■ **EXERCISE PROMPT**
Begin at the line containing "Optoma S336-4000 Lumens" in the entries below and end at the line containing "Manitou M50.4 ST5"; transcribe that range exactly and nothing outside it.

■ **RECORDED DATA**
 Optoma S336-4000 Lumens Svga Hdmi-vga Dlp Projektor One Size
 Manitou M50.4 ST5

==

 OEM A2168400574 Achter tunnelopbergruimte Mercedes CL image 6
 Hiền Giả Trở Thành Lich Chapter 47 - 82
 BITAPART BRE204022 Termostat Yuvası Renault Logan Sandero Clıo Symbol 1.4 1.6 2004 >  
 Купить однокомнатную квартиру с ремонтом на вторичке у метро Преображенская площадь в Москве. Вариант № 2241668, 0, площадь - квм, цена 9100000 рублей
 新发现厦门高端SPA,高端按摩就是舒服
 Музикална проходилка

■ **EXPECTED ANSWER**
 Optoma S336-4000 Lumens Svga Hdmi-vga Dlp Projektor One Size
 Manitou M50.4 ST5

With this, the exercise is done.